Het is waarschijnlijk dat het weinig groeizame weer (zie paragraaf 5.1) mede geleid heeft tot de gevonden hogere gehalten zware metalen en arseen per kilo organische droge stof. In een normaal groeiseizoen was het gehalte organische stof hoger geweest en daarmee waren de gehalten zware metalen en arseen naar alle waarschijnlijkheid lager geweest.

5.4 Onkruidzaden

Uit de resultaten bleek, dat het totaal aantal zaden per kg maaisel, afhankelijk van het monster, sterk kan verschillen. Het is aan te bevelen om in de toekomst een mengmonster te maken van minimaal 10 'prikken' per kuil.

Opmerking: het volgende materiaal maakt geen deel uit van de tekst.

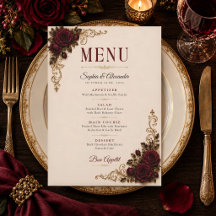Tarjeta de menú de boda Elegant Gothic Roses Burgu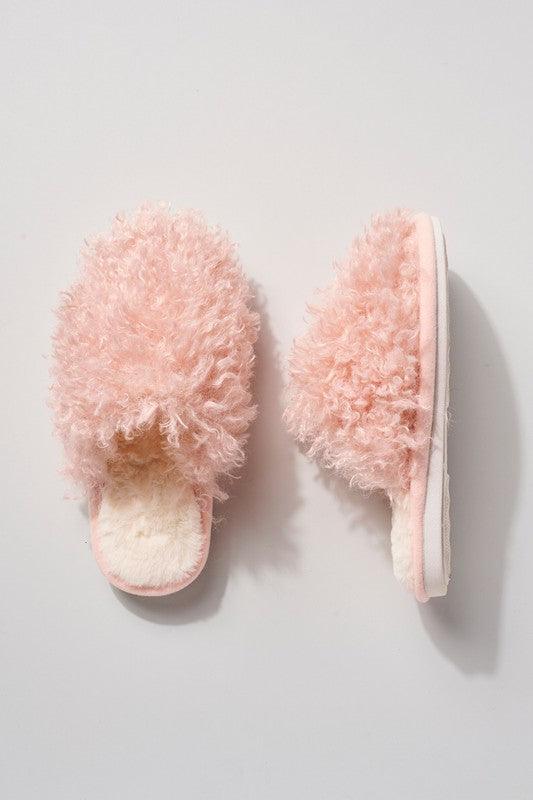 Faux Sherpa Closed Toe Slippers Shoes Avenue Zoe   
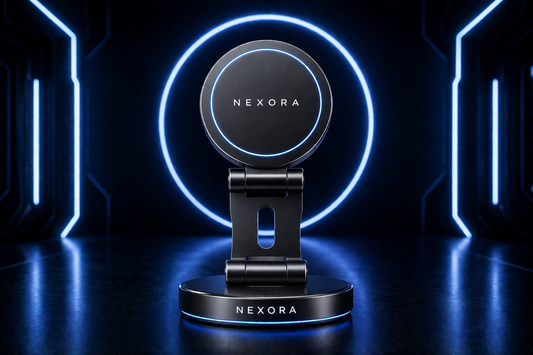 Metal Expansion Phone Stand for Laptop and Tesla Vehicles - Magnetic Folding Phone Holder with 15W Fast Charger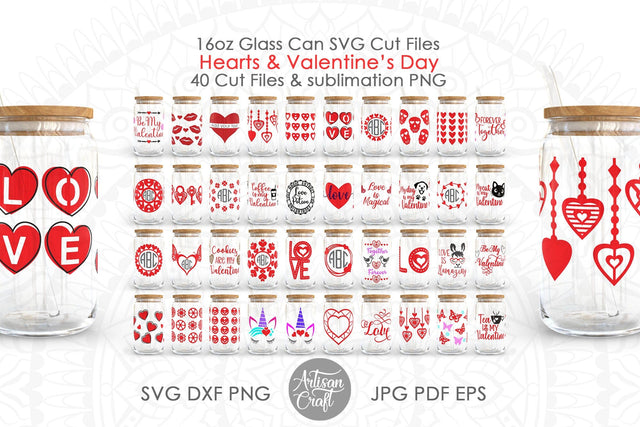Valentines Can Glass Wrap SVG file bundle SVG Artisan Craft SVG 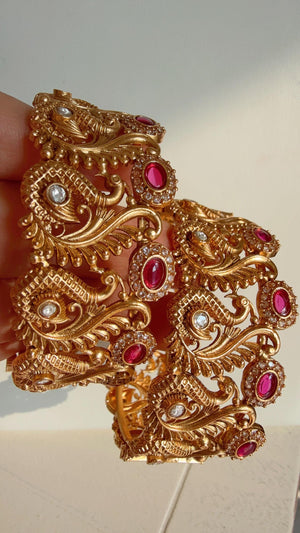 New Arrival Traditional Gold Plated Meenakari Rajwadi peacock Kada /Ruby Green Antique gold Kada/Kundan Gold Kada/Gold Look alike Bangle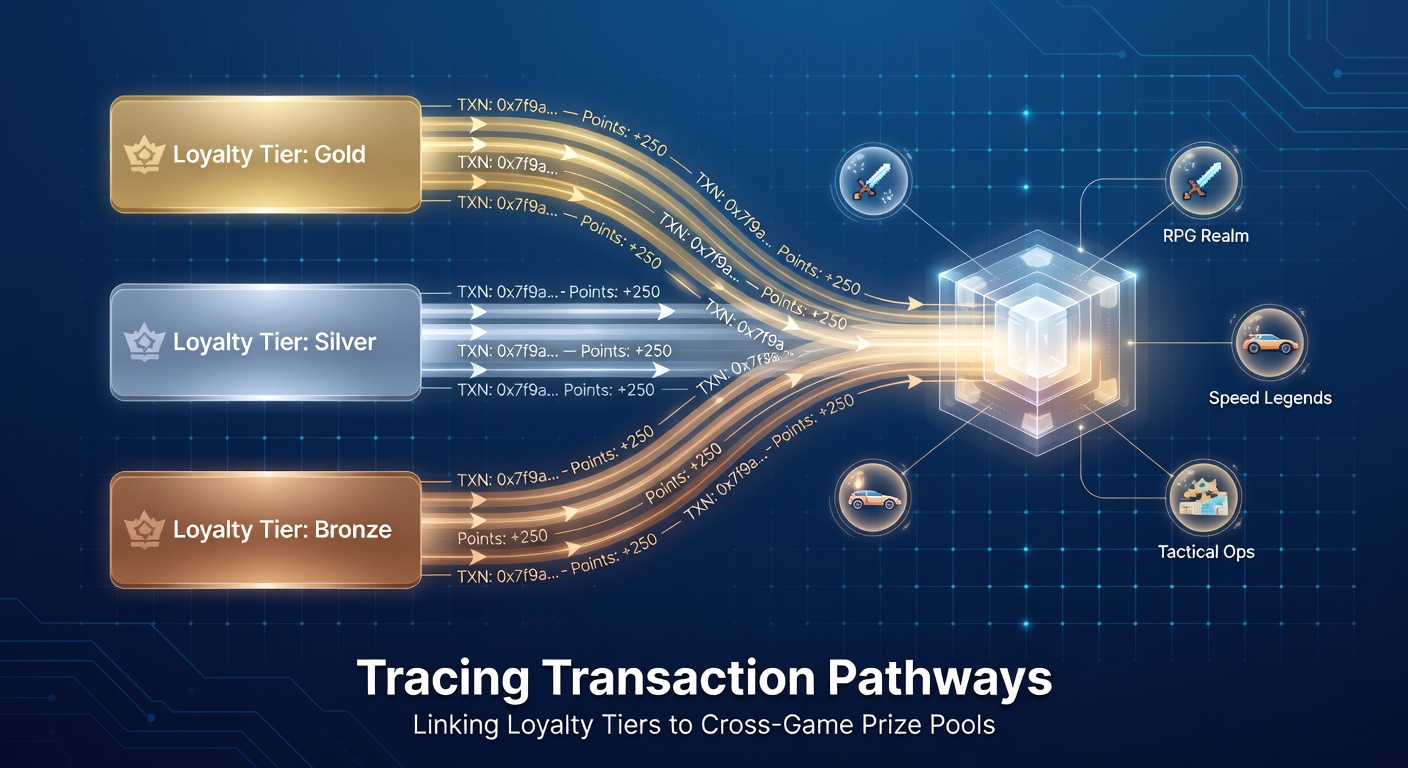 Diagram showing transaction flows between loyalty tiers and cross-game prize pools in casino ecosystems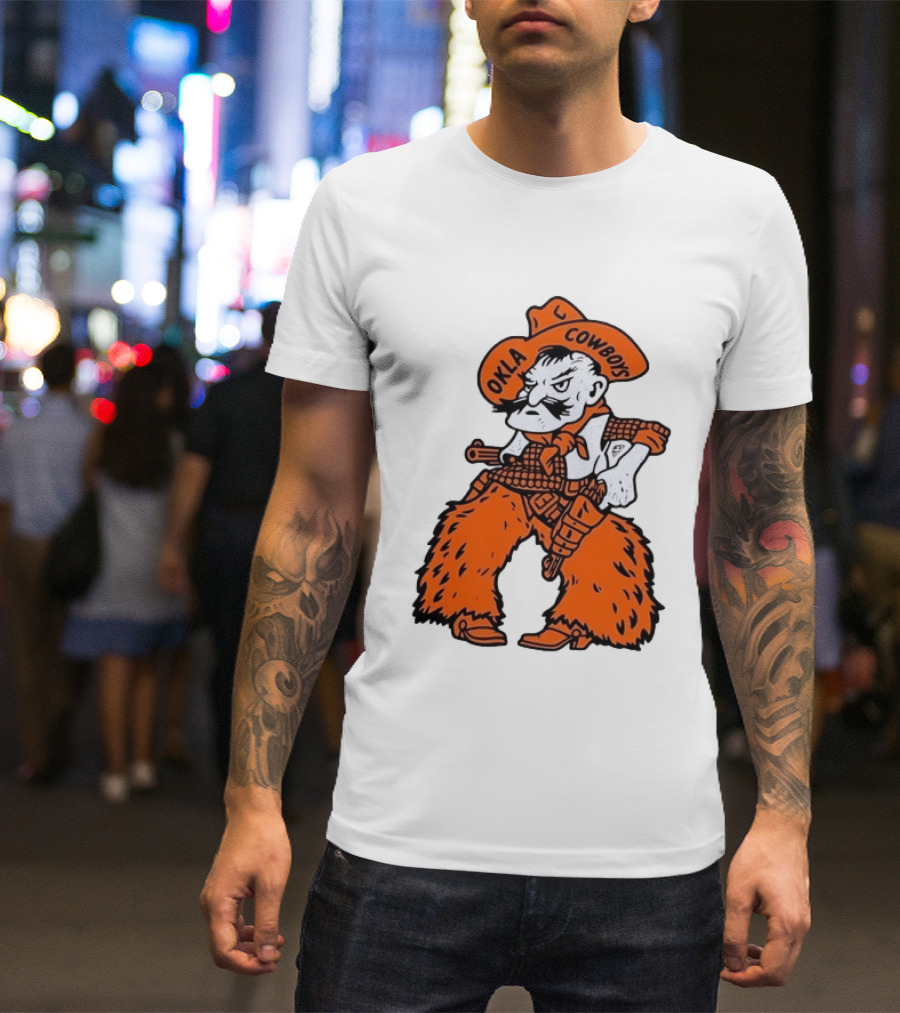 Oklahoma Cowboys Pistol Pete Orange Cowboy T-Shirt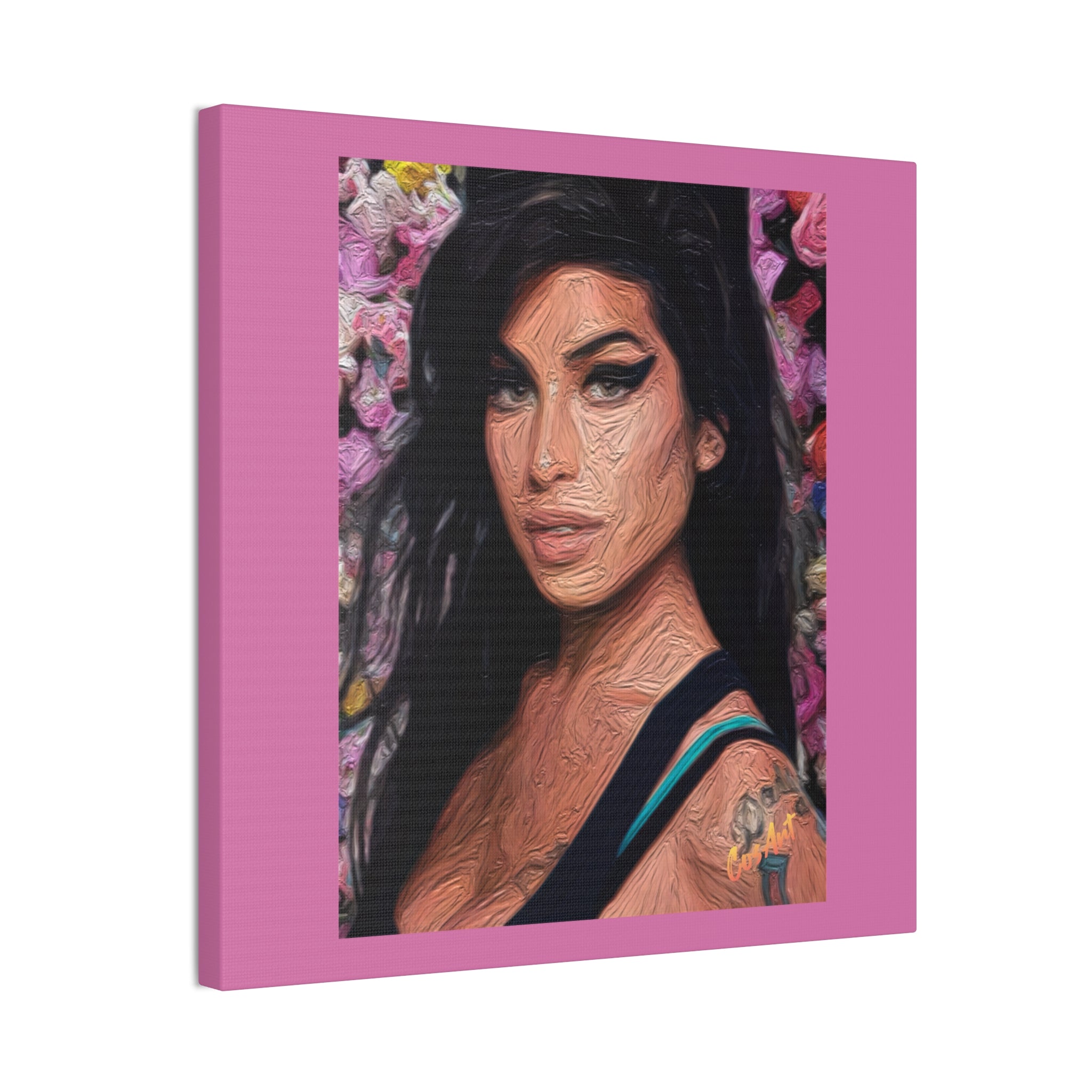 Amy Jade Winehouse Portrait Canvas Print — Floral Pop Art Woman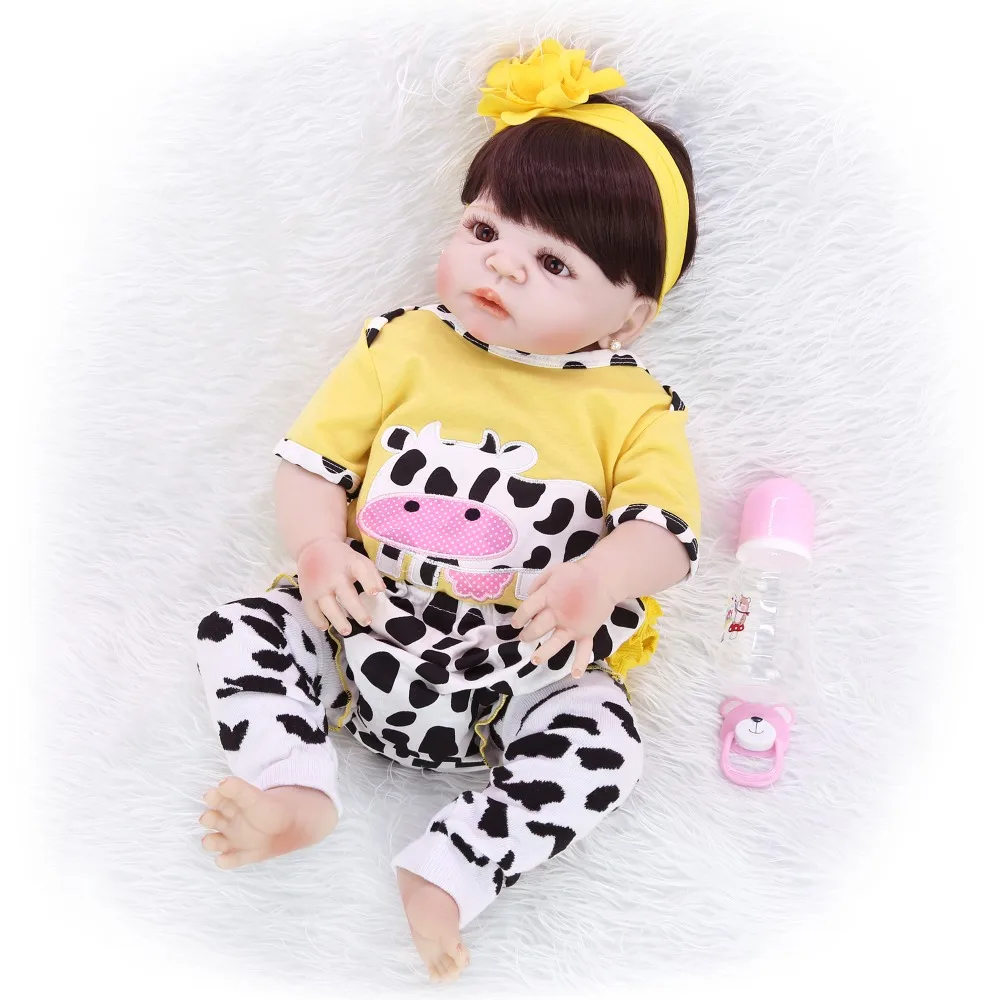 

Realistic Reborn Baby Doll Smooth white skin Silicone 22 inch Bebes Reborn Babies Princess Vinyl girls bath Toys Bonecas Gift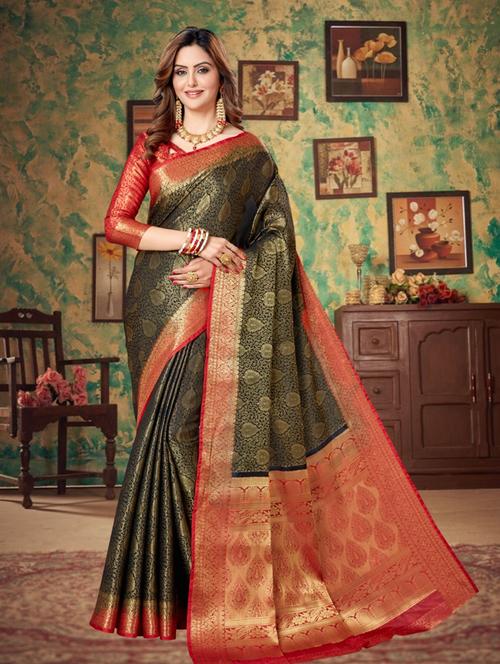 women black banarasi saree with blouse - 21318388 - Very Small Image - 1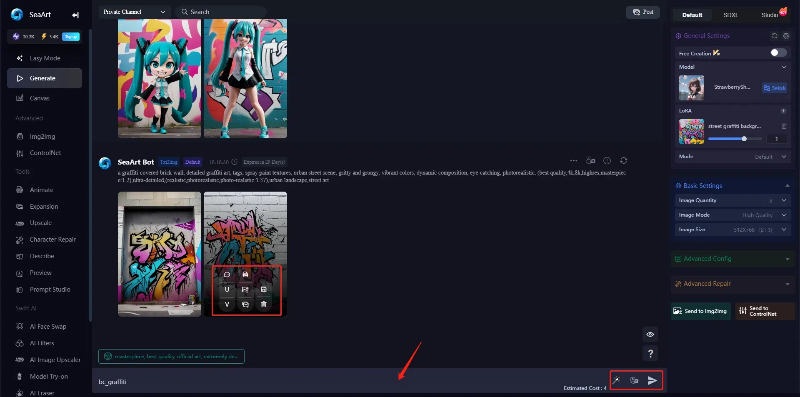 SeaArt's AI graffiti art generation interface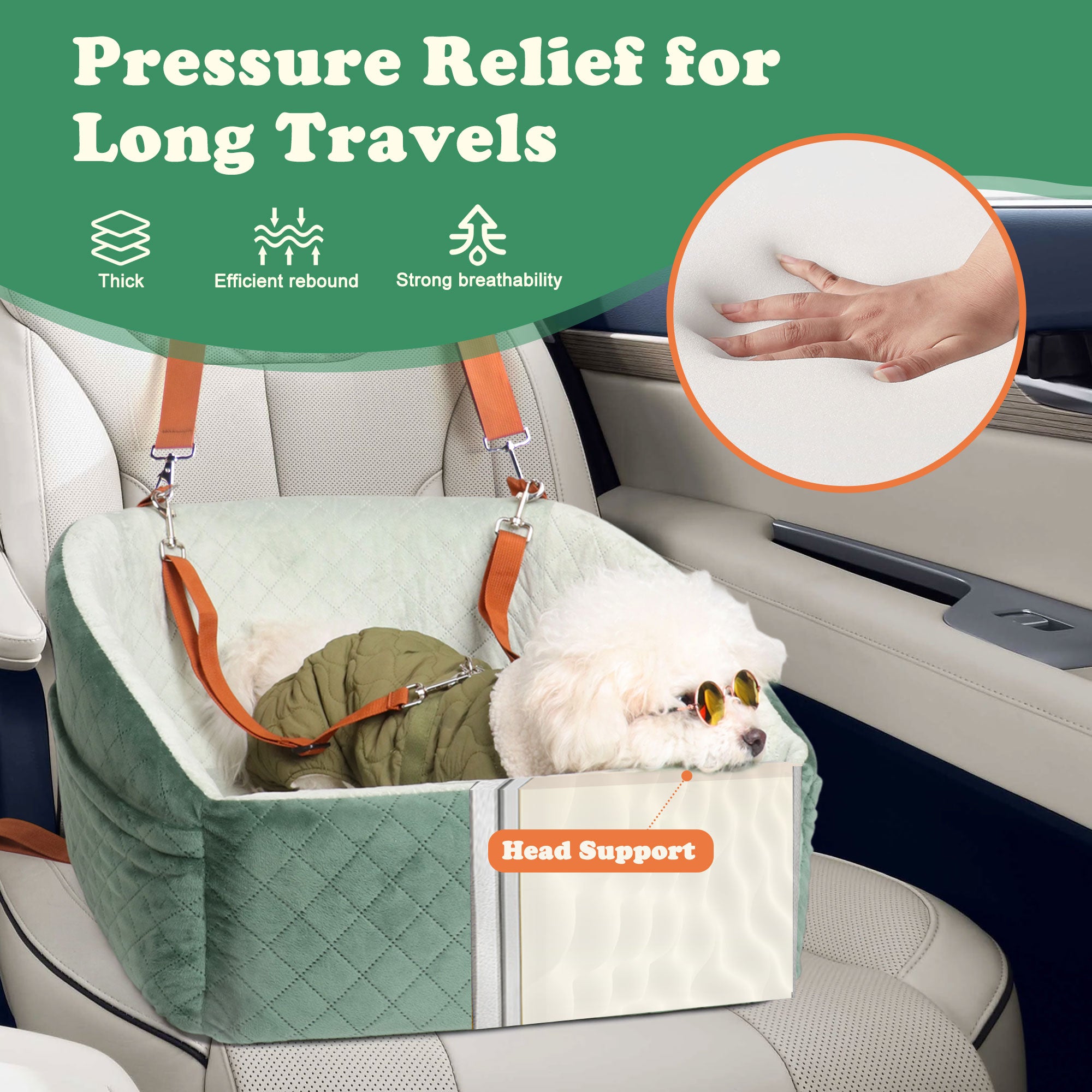 iPetba Memory Foam Dog Car Seat | Comfort & Safety for Small & Medium Dogs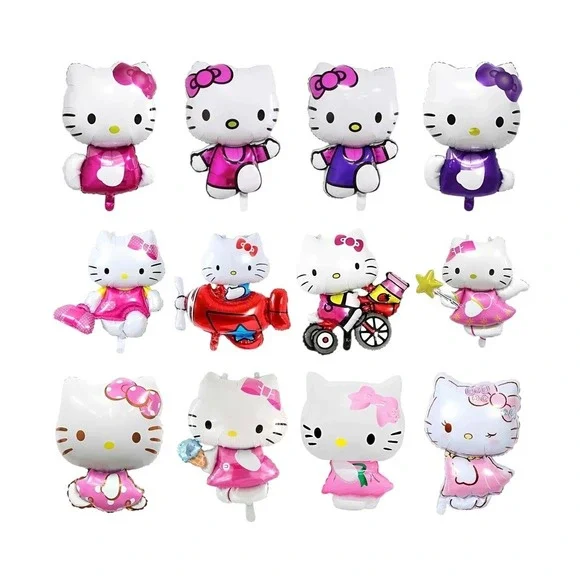 12 Piece Hello Kitty‎ Foil Balloon Set Party Decorations Birthday Event Shower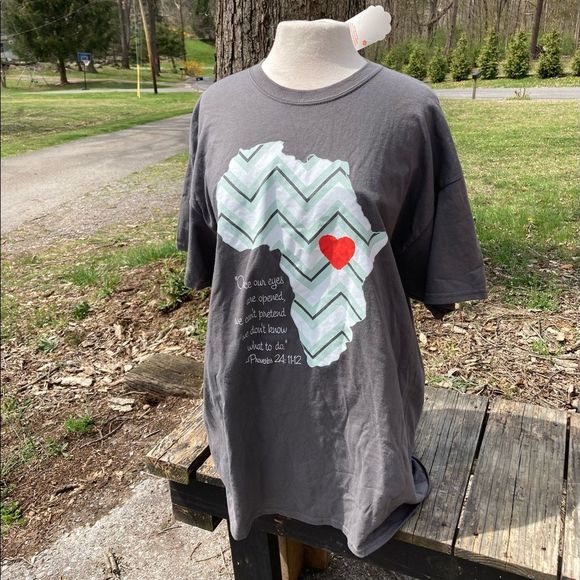 CUSTOM INK AWARENESS TSHIRT XL GREY SHORT SLEEVE PROVERBS 24: 11-12 - Picture 1 of 8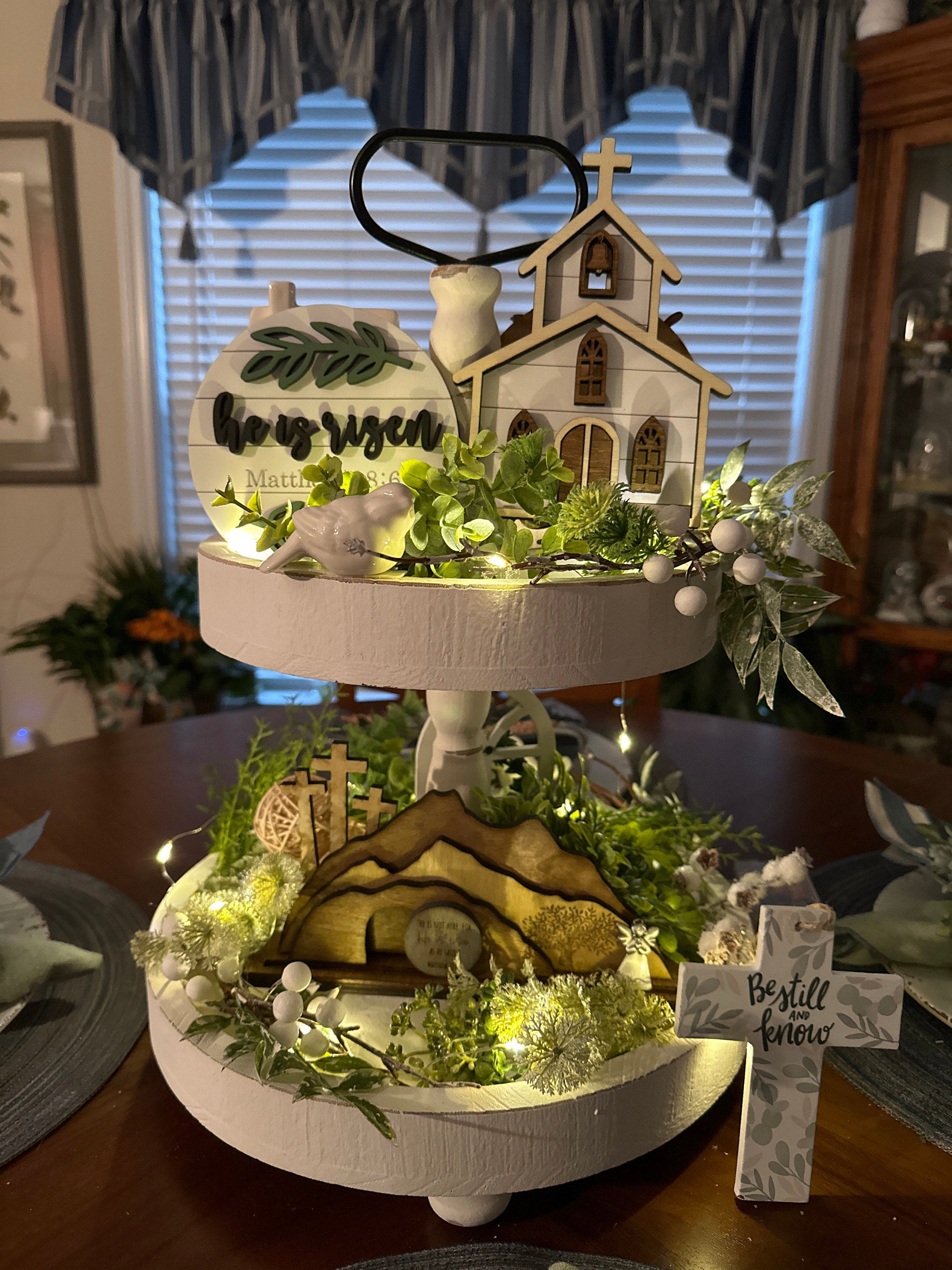 Easter Tiered Tray Decor , Easter Tier Tray , He Is Risen, Religious Easter Decor, Tier Tray Decor, Mini Wood Signs, 3D Signs, Easter Decor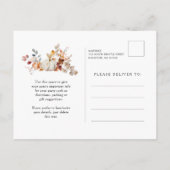 Witte Pompoen Herfst Bloemen 50ste Verjaardagsfees Uitnodiging Briefkaart (Achterkant)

Bij verschillende monsters uit dezelfde kuil blijkt een grote variatie in het aantal gevonden zaden. Het bermmaaisel blijkt binnen de pilots zeer gevarieerd wat betreft de hoeveelheid aanwezige onkruidzaden. De waarnemingen leveren daarom wel een goed beeld van de vitaliteitsfractie. Om echter harde uitspraken te doen over de precieze hoeveelheid akkeronkruidzaden per kuil was een groter aantal monsters noodzakelijk.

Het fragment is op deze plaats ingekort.